__PROBLEM DESCRIPTION__.
Type out the lines below exactly, from the first through the line holding "Make-upspiegel - Hollywood", and include no pictures.

__DATASET CONTENT__.
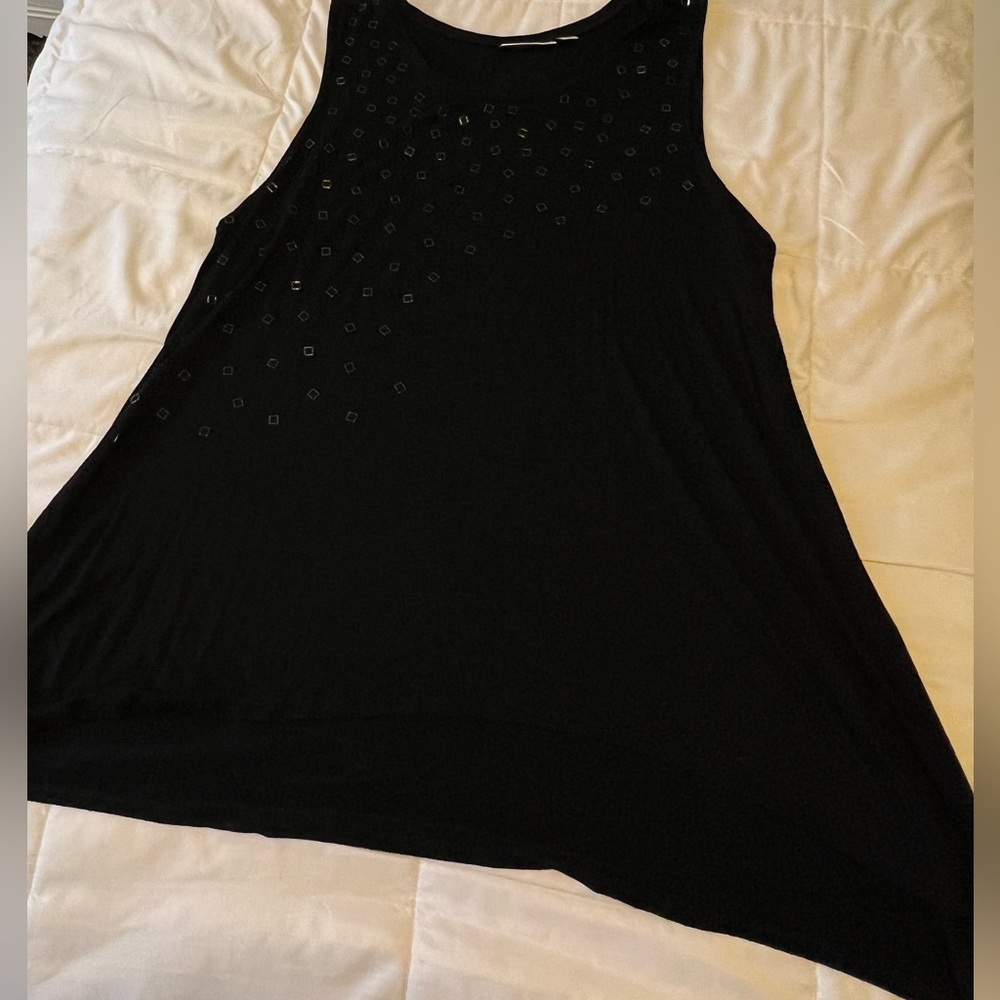 Women’s Avenue Black sleeveless Tunic with embellishment’s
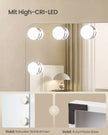 Make-upspiegel - Hollywood met Dimbare LED's - 10x Vergroting - Matwit - 48 x 58 x 5,7 cm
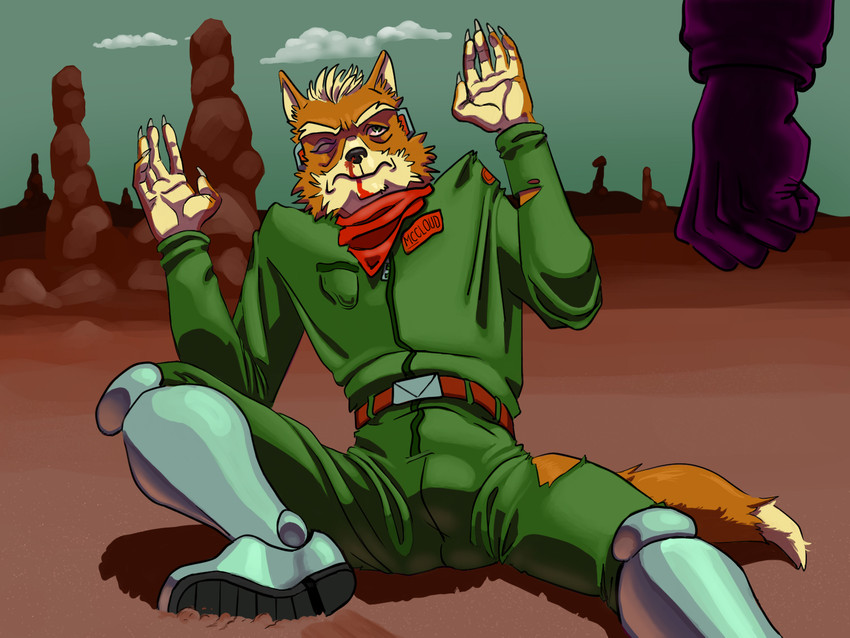 anthro biped black_eye_(injury) blood bodily_fluids brown_body bruised clothed clothing cloud countershade_hands countershading desert duo fist fully_clothed green_clothing kerchief male name_tag neckerchief neckwear nosebleed on_ground raised_hand sitting solo_focus uniform violence wounded wolf_hierophant nintendo star_fox fox_mccloud canid mammal 4:3 digital_media_(artwork) hi_res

__RESULT FOR THIS TASK__.
 Women’s Avenue Black sleeveless Tunic with embellishment’s
 Make-upspiegel - Hollywood met Dimbare LED's - 10x Vergroting - Matwit - 48 x 58 x 5,7 cm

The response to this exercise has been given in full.